Le VIX grimpe à 18, le volume des options double : les traders parient que les risques liés à l'IA sont plus effrayants que la hausse des taux de la Fed
Les traders d'options sur actions américaines estiment que les débats autour de la vitesse de développement de l'IA sont plus perturbateurs que les hausses de taux de la Fed. Le volume des options VIX a doublé, les capitaux se ruant pour couvrir frénétiquement les risques de fortes fluctuations des actions technologiques.
L'application de Jinse Finance a noté que, face aux deux principales menaces pesant actuellement sur le marché boursier américain, les traders d'options ont clairement indiqué quel "monstre" est le plus redoutable et le plus susceptible de perturber le trading basé sur l’IA.
L'indice de volatilité VIX mesuré par Chicago Board Options Exchange a bondi lundi à 18, le volume des transactions d’options sur cet indice ayant plus que doublé par rapport à la moyenne mobile sur 30 jours, tandis que les actions des semi-conducteurs et des centres de données ont fait chuter l’indice S&P 500. La faiblesse de ces valeurs est liée au renouvellement des débats entre leaders technologiques et responsables politiques sur la rapidité du développement des infrastructures liées à l’intelligence artificielle.

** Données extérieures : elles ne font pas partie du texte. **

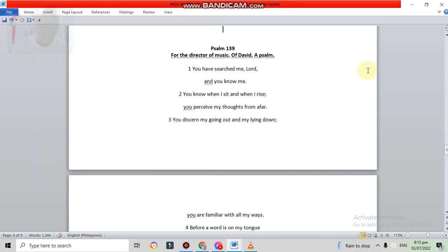Good morning friends. This is the continuation of my reading of my readings for Psalm 139. So this is the English version.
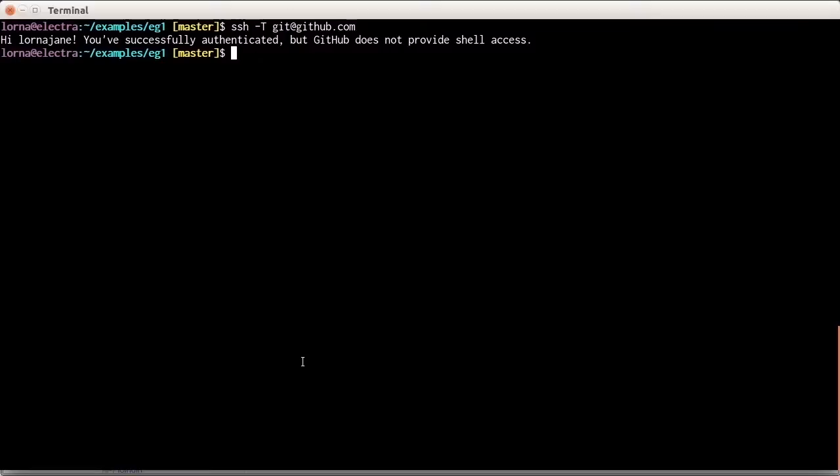So with that, we've got our Git tools configured correctly, including our editor. We've got our SSH key created and set up on GitHub. We're all ready to go ahead and do the next sections, using Git to work with our web development projects.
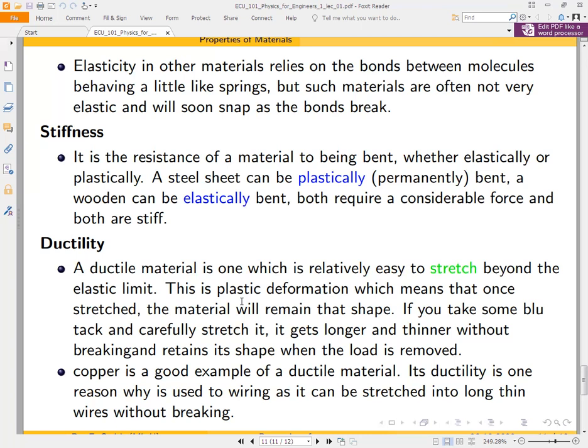A ductile material is one which is relatively easy to stretch beyond the elastic limit — this is plastic deformation, meaning once stretched the material remains in that shape. If you carefully stretch blue tack, it gets longer and thinner without breaking and retains its shape when the load is removed. Copper is a good example of a ductile material; its ductility is one reason it is used in wiring, as it can be drawn into long thin wires without breaking.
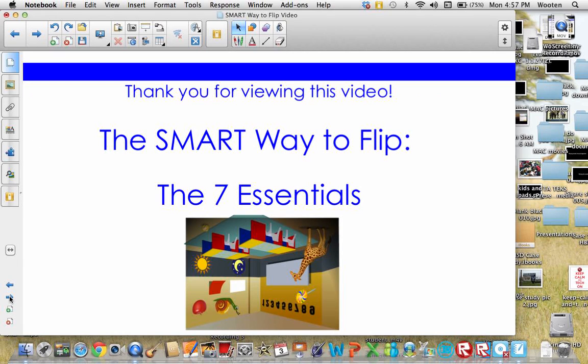Thank you so much for viewing this video and we do hope to see you in our session, The Smart Way to Flip. In that session, we'll be glad to share with you some specific smart products that will help you to flip your classroom — basically what we call the seven essentials for the smart way to flip.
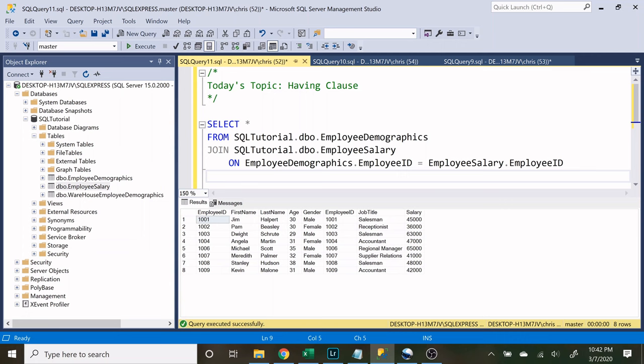What is going on everybody, my name is Alex Fieberg and today we're going to be looking at the having clause. Now the having clause I feel is a little bit unappreciated in the SQL community. I feel like it doesn't get a lot of love, and so today I want to describe how to use it and what it's used for.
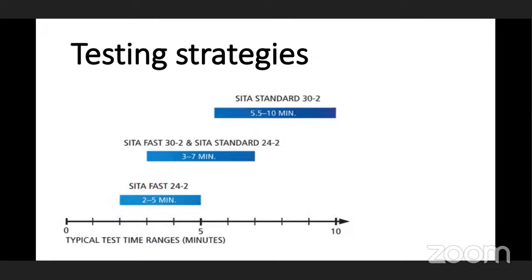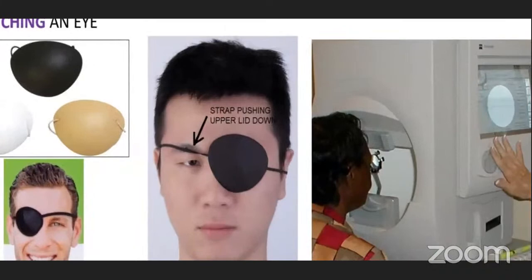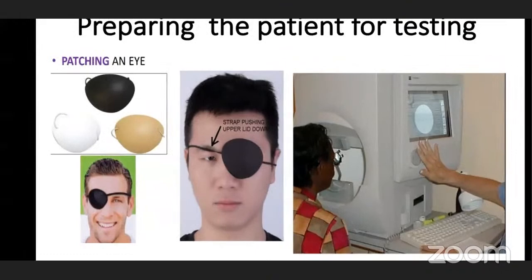Preparing the patient for testing. First, we need to patch the eye. The strap should not be pushing up or down, which would be improper; patching should be done correctly. Next, the patient's chin should be placed on the chin rest and forehead on the head rest properly.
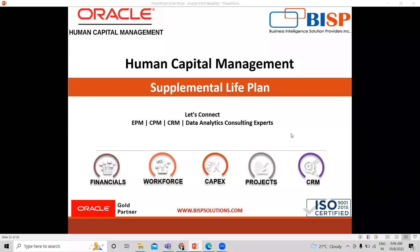Hello everyone, welcome to our channel. My name is Nikita from BSK Solution. In this session, I'm going to explain how you can create the Supplemental Life Plan using Quick Create Plan options.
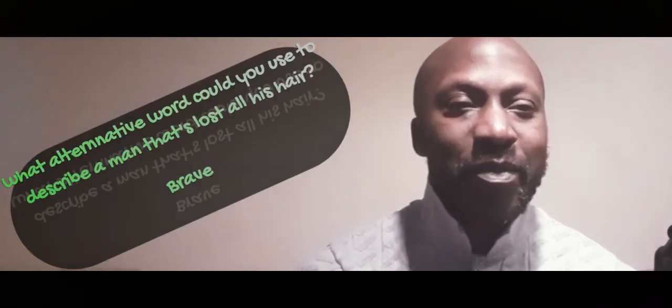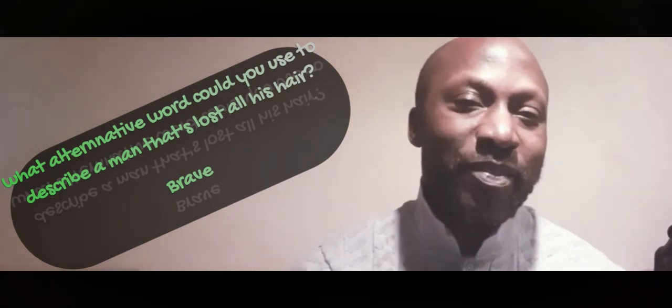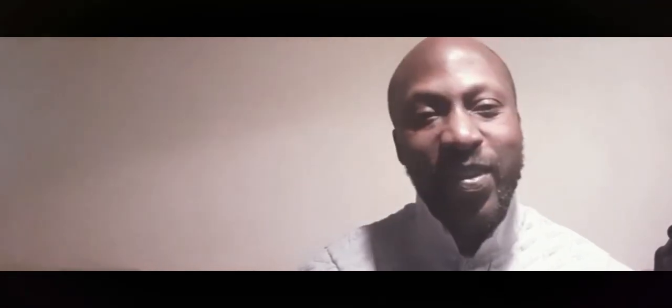Anyway, today's joke for Titillating Tuesday - it's about laughing, innit? What alternative word could you use to describe a man that's lost all his hair? Brave, because bold means brave. So instead of saying brave you can say bold. You can't say brave because it's very bold of you to lose all your hair. Brave.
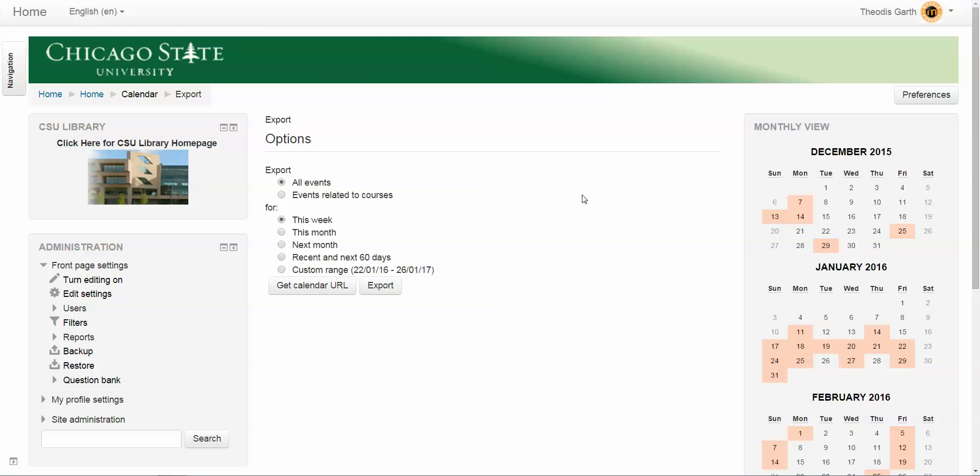This brings up the export options. For the purpose of syncing your calendar with an external calendar—in this case, a Gmail calendar—we're going to look at these options. The first one says 'all events' or 'events related to this course.' By default, we just want to keep this option selected.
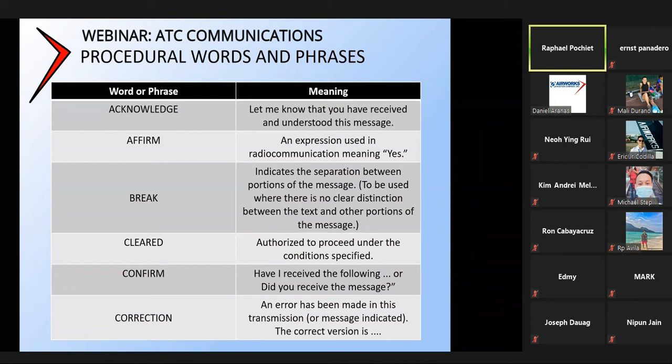Cleared: usually this word is given when you're talking to air traffic control and they're giving you authorization to do something — they'll say 'cleared for takeoff,' 'cleared to land,' 'cleared to taxi.' Basically they're giving you authorization to proceed under specified conditions.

À la mi-journée, parmi les cinq contrats VIX les plus achetés, trois étaient des options d’achat, la plus importante transaction du jour étant un achat d’options d’achat d’une valeur d’au moins 3,6 millions de dollars, avec un prix d’exercice de 31 dollars et une échéance à la mi-novembre.
La situation de vendredi dernier était quasiment l’inverse – bien que la publication des données sur l’inflation ait porté la probabilité que la Fed relève ses taux lors de la réunion de cette semaine à 90 %, le VIX a tout de même effacé deux jours de progression. Selon une analyse publiée par Carrick Lane, une société de gestion d’options basée à New York, à la clôture de vendredi dernier, la volatilité attendue sur les options S&P 500, pour le contrat hebdomadaire arrivant à échéance le 18 septembre, était de 0,8 %, soit en dessous du 50e percentile de la volatilité habituellement attendue lors des semaines de réunions du FOMC.
Ce mois-ci, alors que la probabilité d’une hausse des taux n’a cessé de grimper, le VIX est passé sous le niveau de 14, son plus bas de l’année. John Marshall, responsable de Carrick Lane, estime qu’à la lumière du recul du VIX après la publication des chiffres de l’inflation vendredi dernier, le marché s’adapte progressivement à un environnement de taux plus élevés.
Marshall déclare : "À l’heure actuelle, il semble que les acteurs du marché considèrent le résultat de la réunion du FOMC comme acquis, et se préoccupent plutôt de l’IA." "Le risque technologique et le risque lié aux taux d’intérêt sont en général corrélés, car les valeurs technologiques sont des actifs à longue durée. Mais peut-être que le moment de l’IA, c’est maintenant, que les profits sont immédiats, et donc le marché ne valorise plus cela comme un futur lointain."
Fait notable, la volatilité des taux n’a pas disparu du marché global. Selon un rapport de Mandy Xu, responsable de l’intelligence sur les marchés dérivés chez Cboe, l’indice Merrill Option Volatility Estimate (MOVE), qui mesure la volatilité des bons du Trésor américain, a progressé de 10 points la semaine dernière, pour atteindre un niveau élevé au 92e percentile.
De la même manière, d’après l’analyse de Marshall, la volatilité implicite sur des placements sensibles aux taux – tels que l’iShares 7-10 Year US Treasury ETF (IEF) et le Vanguard Real Estate Index Fund ETF (VNQ) – se situe au-dessus des 90e et 80e percentiles respectivement.
Cependant, la valorisation de la volatilité sur le marché obligataire ne semble pas influencer le marché des actions. Pendant que les cours étaient fermes ce lundi, la probabilité d’une hausse des taux lors de la réunion de mercredi a dépassé 91 %.